- _WHAT YOU NEED TO DO_:
Write each entry out again, exactly as it is written.

- _Items from a data source_:
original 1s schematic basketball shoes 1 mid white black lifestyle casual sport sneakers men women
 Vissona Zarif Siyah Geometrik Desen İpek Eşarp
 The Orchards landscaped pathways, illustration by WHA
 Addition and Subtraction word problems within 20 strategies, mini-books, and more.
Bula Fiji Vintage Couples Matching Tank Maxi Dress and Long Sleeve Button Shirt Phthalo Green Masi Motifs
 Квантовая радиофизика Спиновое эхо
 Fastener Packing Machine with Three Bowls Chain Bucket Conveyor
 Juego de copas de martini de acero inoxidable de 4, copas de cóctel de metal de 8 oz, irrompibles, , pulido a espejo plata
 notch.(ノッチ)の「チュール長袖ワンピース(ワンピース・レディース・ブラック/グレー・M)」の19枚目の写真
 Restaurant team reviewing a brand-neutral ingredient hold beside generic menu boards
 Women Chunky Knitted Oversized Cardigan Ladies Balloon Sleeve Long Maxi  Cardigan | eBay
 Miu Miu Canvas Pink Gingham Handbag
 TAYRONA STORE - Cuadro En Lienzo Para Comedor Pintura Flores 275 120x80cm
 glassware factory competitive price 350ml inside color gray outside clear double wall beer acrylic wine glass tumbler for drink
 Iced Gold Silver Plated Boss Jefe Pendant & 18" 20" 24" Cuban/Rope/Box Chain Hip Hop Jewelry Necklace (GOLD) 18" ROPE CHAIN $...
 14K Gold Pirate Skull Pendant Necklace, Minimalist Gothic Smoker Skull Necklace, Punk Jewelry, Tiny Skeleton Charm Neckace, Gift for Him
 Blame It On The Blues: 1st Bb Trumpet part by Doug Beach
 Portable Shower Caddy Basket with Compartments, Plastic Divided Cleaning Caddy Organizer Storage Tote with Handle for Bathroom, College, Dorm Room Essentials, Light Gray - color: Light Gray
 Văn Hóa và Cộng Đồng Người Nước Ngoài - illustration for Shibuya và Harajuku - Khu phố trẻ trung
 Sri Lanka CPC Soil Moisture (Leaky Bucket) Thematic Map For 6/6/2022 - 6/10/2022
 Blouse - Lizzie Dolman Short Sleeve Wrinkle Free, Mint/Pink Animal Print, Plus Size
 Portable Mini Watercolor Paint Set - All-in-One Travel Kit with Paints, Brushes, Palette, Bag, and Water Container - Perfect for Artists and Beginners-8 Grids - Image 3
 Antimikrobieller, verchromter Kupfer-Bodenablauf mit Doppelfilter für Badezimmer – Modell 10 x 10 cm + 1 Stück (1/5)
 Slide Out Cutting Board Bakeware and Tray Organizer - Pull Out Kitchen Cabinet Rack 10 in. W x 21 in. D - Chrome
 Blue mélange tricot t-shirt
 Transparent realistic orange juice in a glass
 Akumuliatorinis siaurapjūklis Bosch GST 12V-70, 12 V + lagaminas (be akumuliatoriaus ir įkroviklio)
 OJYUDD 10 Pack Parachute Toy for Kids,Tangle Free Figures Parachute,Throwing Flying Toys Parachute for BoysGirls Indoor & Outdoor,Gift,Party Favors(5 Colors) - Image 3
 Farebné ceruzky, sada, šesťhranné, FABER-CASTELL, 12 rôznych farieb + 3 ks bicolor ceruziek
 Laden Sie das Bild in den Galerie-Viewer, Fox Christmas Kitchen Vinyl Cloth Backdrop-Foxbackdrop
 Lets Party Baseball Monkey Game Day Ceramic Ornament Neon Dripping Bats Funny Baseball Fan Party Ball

- _TASK SOLUTION_:
original 1s schematic basketball shoes 1 mid white black lifestyle casual sport sneakers men women
 Vissona Zarif Siyah Geometrik Desen İpek Eşarp
 The Orchards landscaped pathways, illustration by WHA
 Addition and Subtraction word problems within 20 strategies, mini-books, and more.
Bula Fiji Vintage Couples Matching Tank Maxi Dress and Long Sleeve Button Shirt Phthalo Green Masi Motifs
 Квантовая радиофизика Спиновое эхо
 Fastener Packing Machine with Three Bowls Chain Bucket Conveyor
 Juego de copas de martini de acero inoxidable de 4, copas de cóctel de metal de 8 oz, irrompibles, , pulido a espejo plata
 notch.(ノッチ)の「チュール長袖ワンピース(ワンピース・レディース・ブラック/グレー・M)」の19枚目の写真
 Restaurant team reviewing a brand-neutral ingredient hold beside generic menu boards
 Women Chunky Knitted Oversized Cardigan Ladies Balloon Sleeve Long Maxi  Cardigan | eBay
 Miu Miu Canvas Pink Gingham Handbag
 TAYRONA STORE - Cuadro En Lienzo Para Comedor Pintura Flores 275 120x80cm
 glassware factory competitive price 350ml inside color gray outside clear double wall beer acrylic wine glass tumbler for drink
 Iced Gold Silver Plated Boss Jefe Pendant & 18" 20" 24" Cuban/Rope/Box Chain Hip Hop Jewelry Necklace (GOLD) 18" ROPE CHAIN $...
 14K Gold Pirate Skull Pendant Necklace, Minimalist Gothic Smoker Skull Necklace, Punk Jewelry, Tiny Skeleton Charm Neckace, Gift for Him
 Blame It On The Blues: 1st Bb Trumpet part by Doug Beach
 Portable Shower Caddy Basket with Compartments, Plastic Divided Cleaning Caddy Organizer Storage Tote with Handle for Bathroom, College, Dorm Room Essentials, Light Gray - color: Light Gray
 Văn Hóa và Cộng Đồng Người Nước Ngoài - illustration for Shibuya và Harajuku - Khu phố trẻ trung
 Sri Lanka CPC Soil Moisture (Leaky Bucket) Thematic Map For 6/6/2022 - 6/10/2022
 Blouse - Lizzie Dolman Short Sleeve Wrinkle Free, Mint/Pink Animal Print, Plus Size
 Portable Mini Watercolor Paint Set - All-in-One Travel Kit with Paints, Brushes, Palette, Bag, and Water Container - Perfect for Artists and Beginners-8 Grids - Image 3
 Antimikrobieller, verchromter Kupfer-Bodenablauf mit Doppelfilter für Badezimmer – Modell 10 x 10 cm + 1 Stück (1/5)
 Slide Out Cutting Board Bakeware and Tray Organizer - Pull Out Kitchen Cabinet Rack 10 in. W x 21 in. D - Chrome
 Blue mélange tricot t-shirt
 Transparent realistic orange juice in a glass
 Akumuliatorinis siaurapjūklis Bosch GST 12V-70, 12 V + lagaminas (be akumuliatoriaus ir įkroviklio)
 OJYUDD 10 Pack Parachute Toy for Kids,Tangle Free Figures Parachute,Throwing Flying Toys Parachute for BoysGirls Indoor & Outdoor,Gift,Party Favors(5 Colors) - Image 3
 Farebné ceruzky, sada, šesťhranné, FABER-CASTELL, 12 rôznych farieb + 3 ks bicolor ceruziek
 Laden Sie das Bild in den Galerie-Viewer, Fox Christmas Kitchen Vinyl Cloth Backdrop-Foxbackdrop
 Lets Party Baseball Monkey Game Day Ceramic Ornament Neon Dripping Bats Funny Baseball Fan Party Ball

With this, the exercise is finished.